I totallly agree. Its not my fault if you missed the draft and had to auto-pick and have a crap team. As far as having a lot of players fall pray to injury, that just how fantasy goes. I've been playing FF 3 years and never got the first pick. I know if I do next year, and take LT, that will be the year he has a major injury.
biju wrote:We have a variation of #1, but picking up someone with your waiver pick costs more than a regular add/drop.
What does it cost, and what is the difference between a "regular add/drop" and picking someone off the waiver wire and dropping a player to make room for him?
I should first note that ours is certainly a variation of #1, but not really the same thing. First, we set only the first week with the results and after that it just rolls the way a "normal" waiver system works. But our add/drops cost a dollar and using your waiver for a player costs an extra $1 for a total of $2. It's not really much of a penalty, but it's enough to make people really think about it some and it sweetens the transaction pot at the end of the year.
I know I'm probably in the minority in this, but I like first come, first serve. No waivers, no automated lists, no mechanized egalitarianism. . . . I've been in waivers leagues, and I find the systematic methods of waivers deaden the rush of acquiring a flash-in-the-pan free agent and make watching the games for injured players or unexpected stars far less exciting.

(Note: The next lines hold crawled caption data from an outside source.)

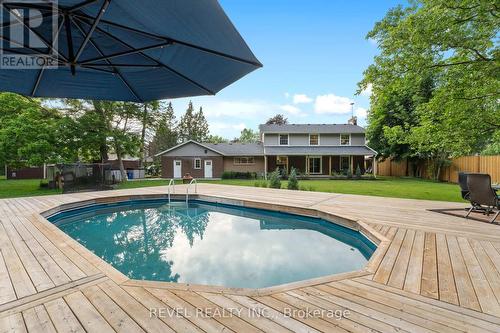 7100 Waterloo Drive, Niagara Falls, ON - Outdoor With Deck Patio Veranda With Backyard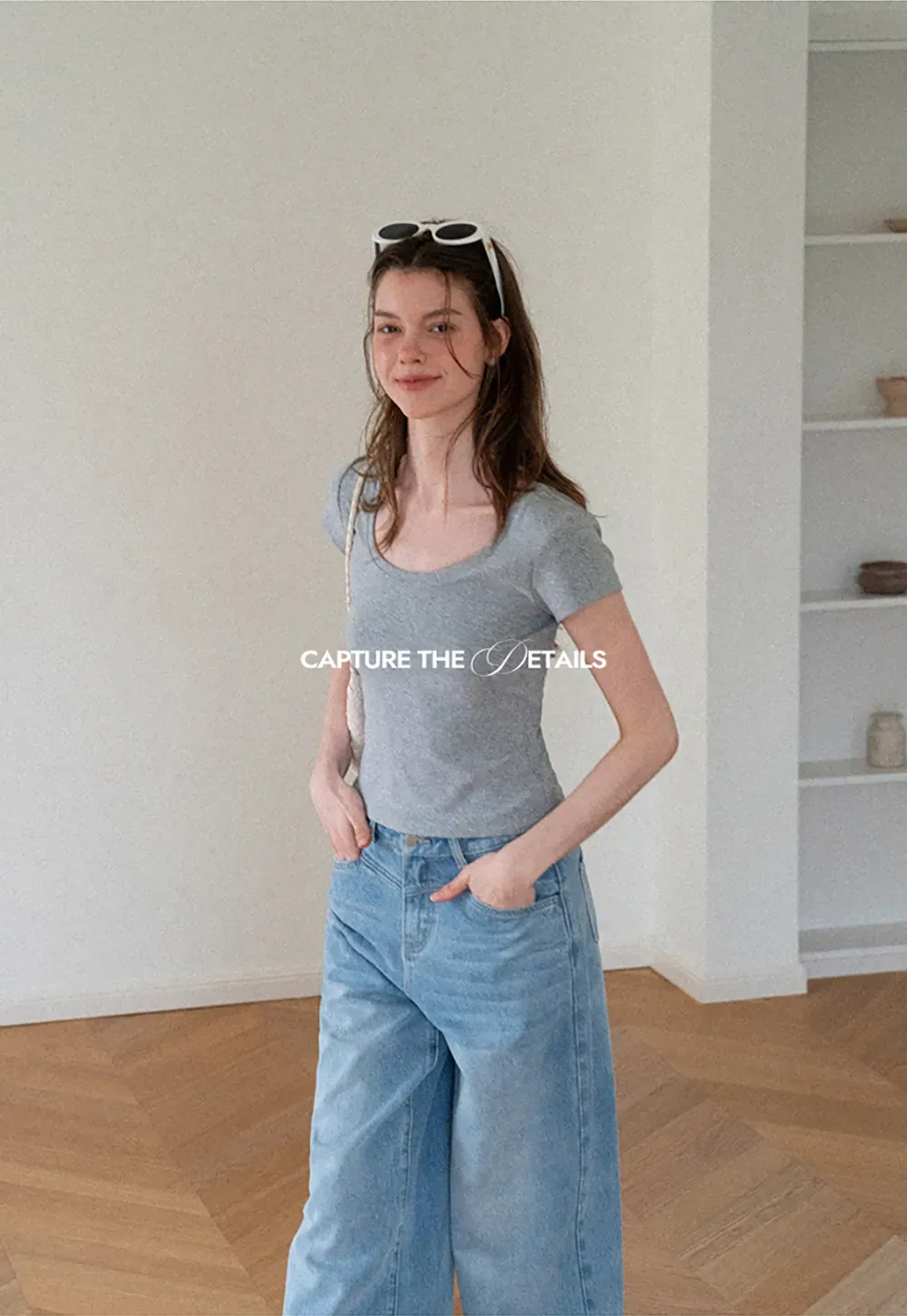 Scoop Neck Short Sleeve Fitted T Shirt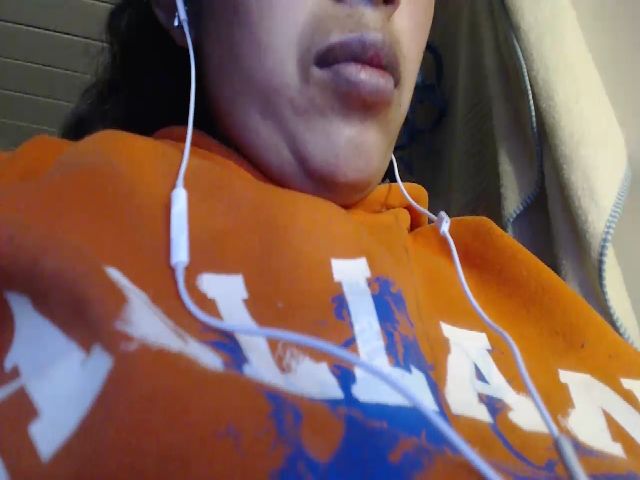 Live sex webcam photo for CHILENITAHOT #254380435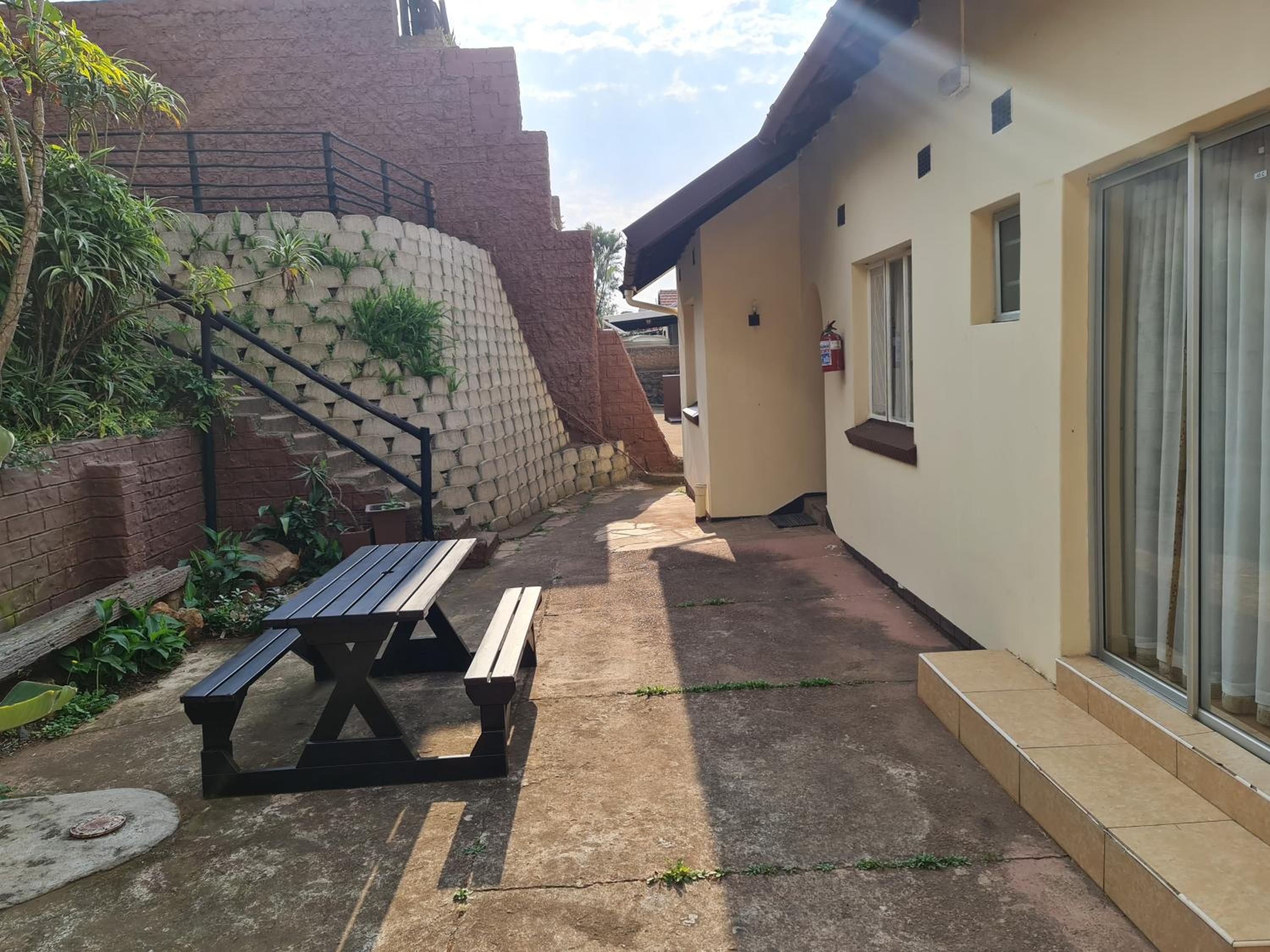 Bluff Accommodation - Aybriden Self-Catering 46/50
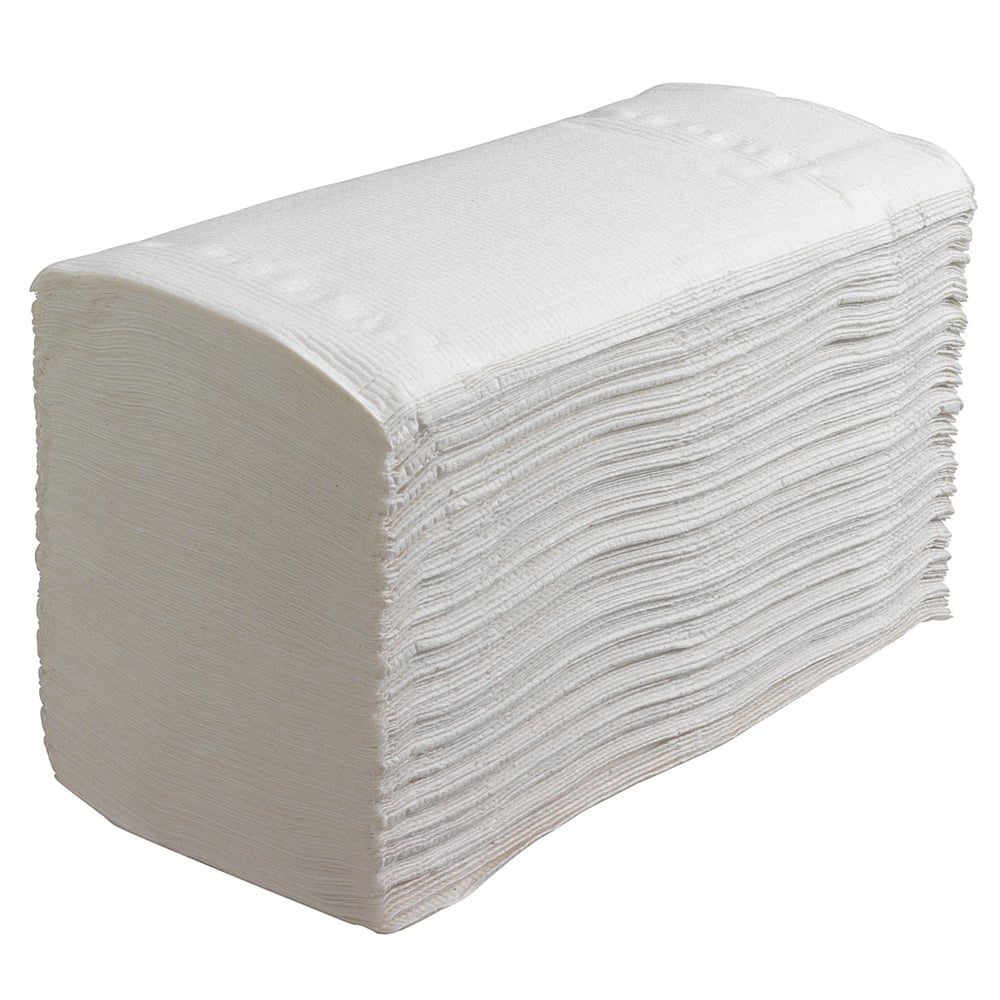 Ein großer Stapel Scott® CONTROL™ Falthandtücher - Weiß (15 Clips x 212 Blatt) von Kimberly-Clark GmbH ist übersichtlich vor einem weißen Hintergrund angeordnet, ideal zum hygienischen Händetrocknen.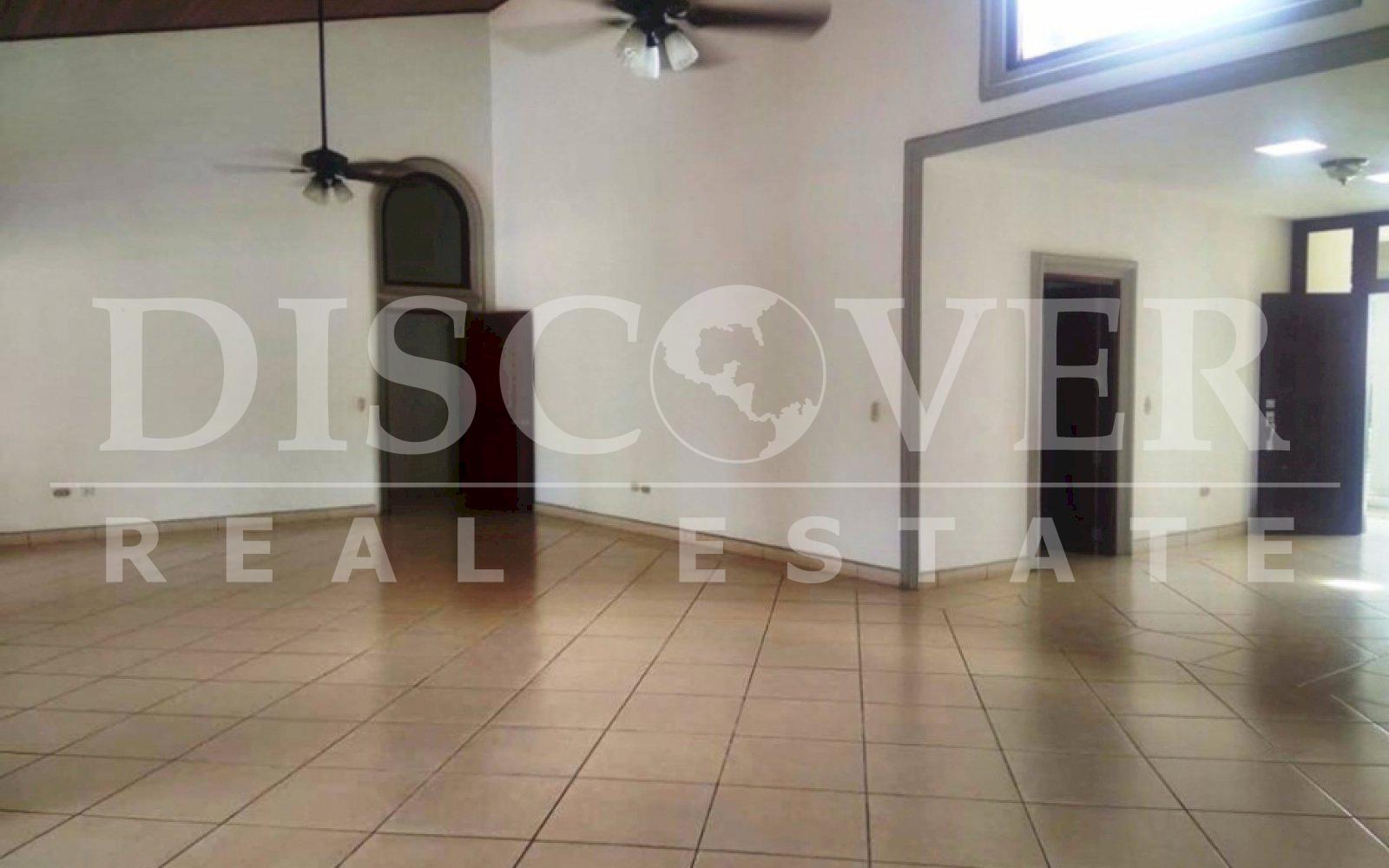 House for Rent in Safe in El Mirador de Santo Domingo Condominium ID 12089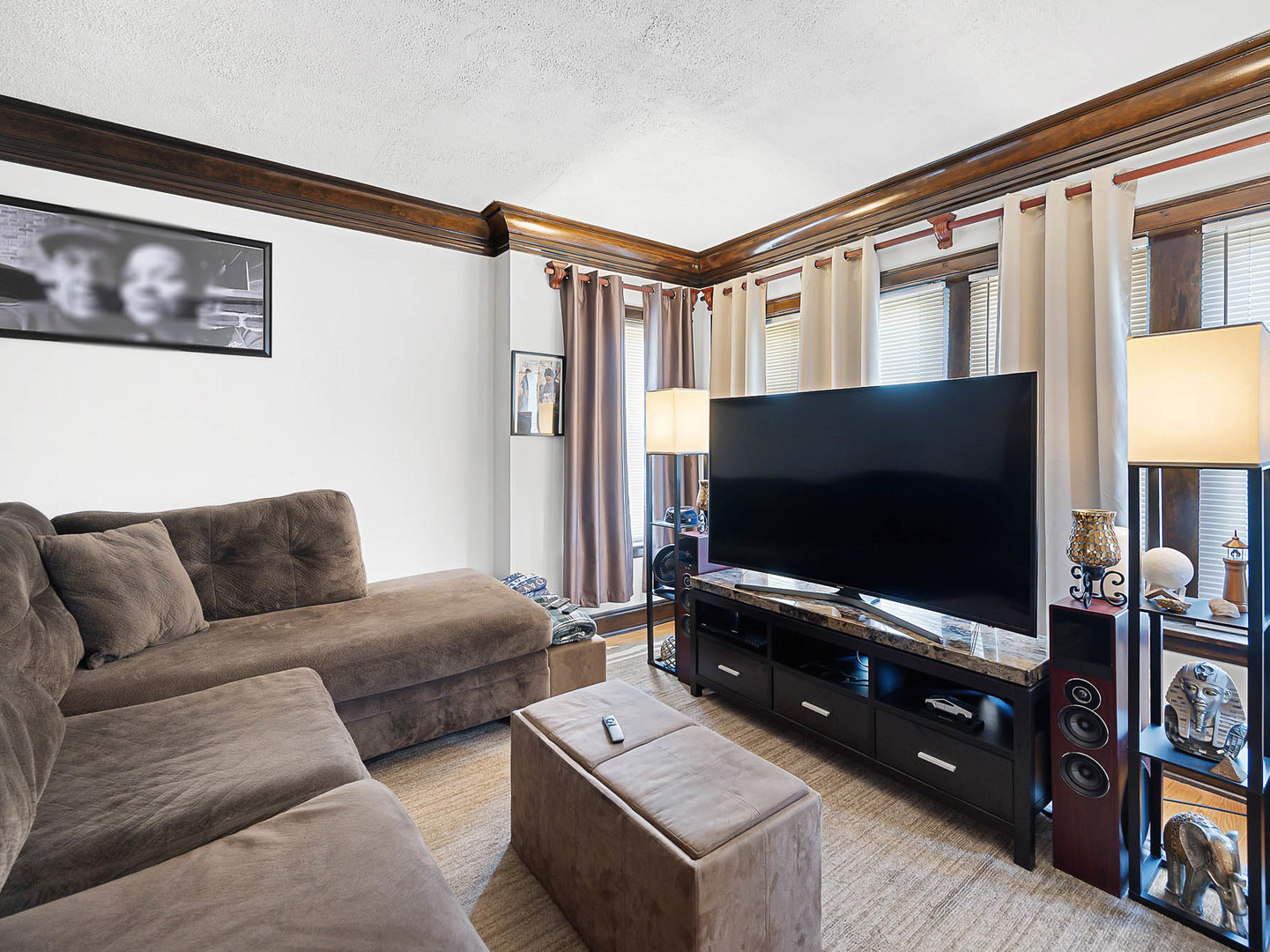 Property - Thumbnail 2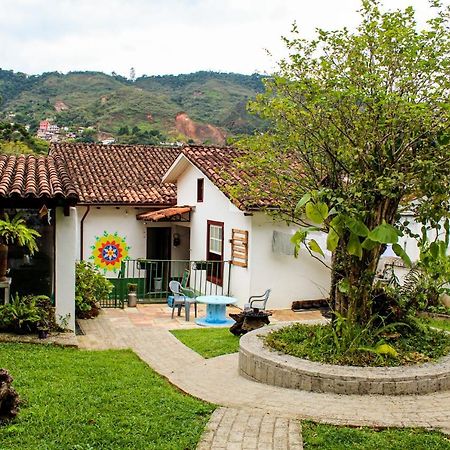 - Casa Pitanga - Acomodacao Lindissima Pertinho Da Igreja Do Rosario Ouro Preto  Exterior photo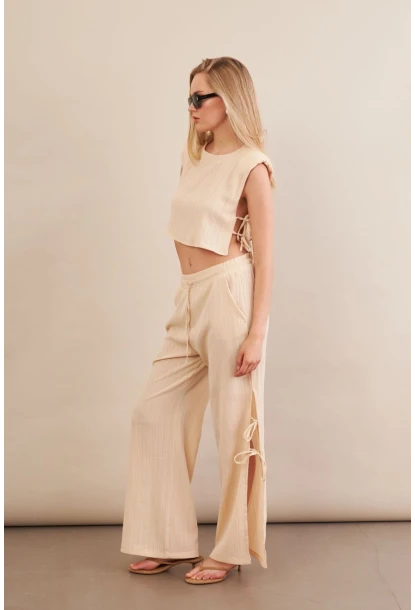 Kadın Vanilya Omuzları Vatkalı Alt Üst Takım KED002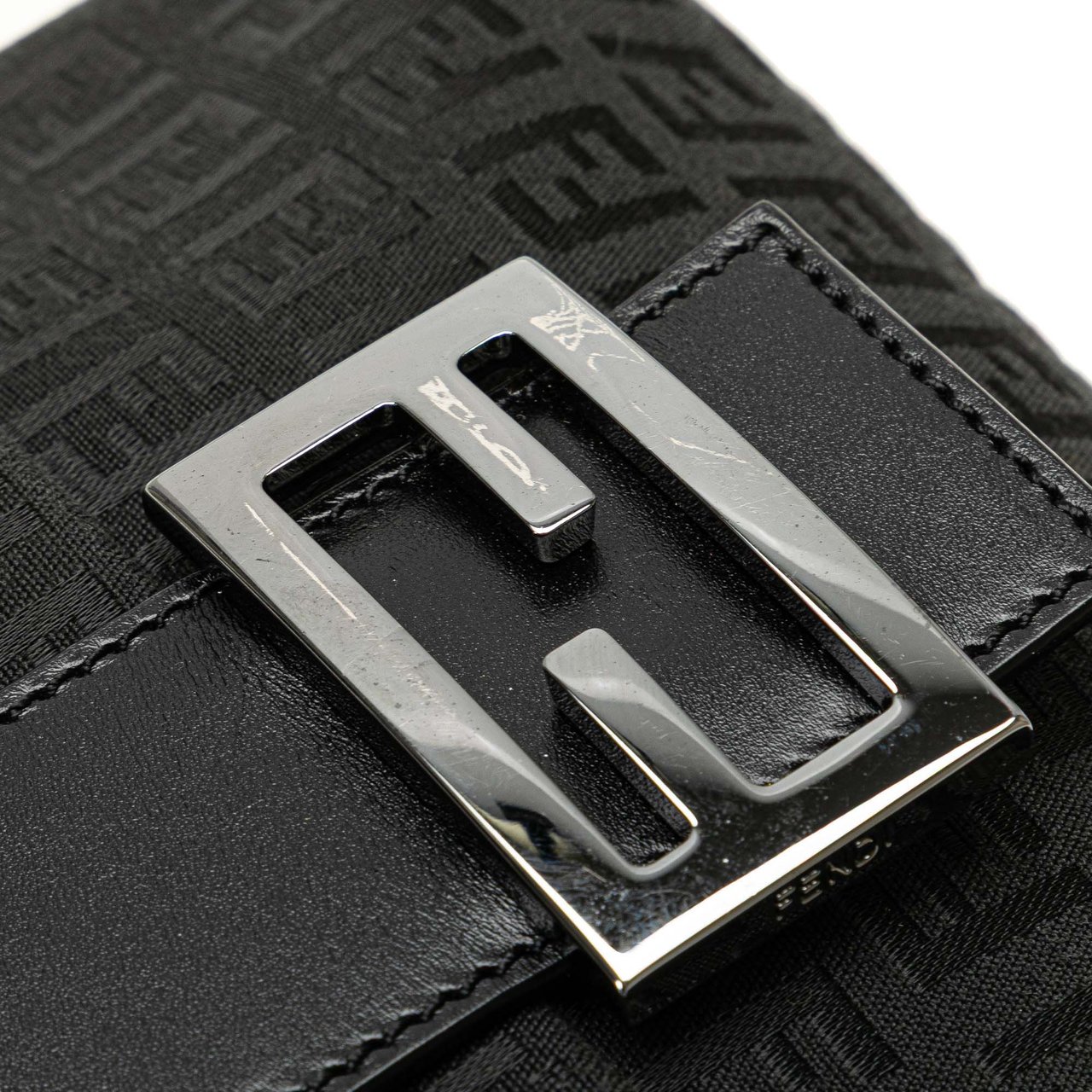 Fendi Zucchino Canvas Crossbody Zwart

Retet wrote:I know I'm probably in the minority in this, but I like first come, first serve. No waivers, no automated lists, no mechanized egalitarianism. . . . I've been in waivers leagues, and I find the systematic methods of waivers deaden the rush of acquiring a flash-in-the-pan free agent and make watching the games for injured players or unexpected stars far less exciting.
So I say -- free market system! Go capitalism!
The bidding system mimics capitalism much more than a FCFS system. In a bidding system, you put your money where your mouth is.
Agree with you that almost all waivers systems blow. Thats why I am a fan of the bidding system.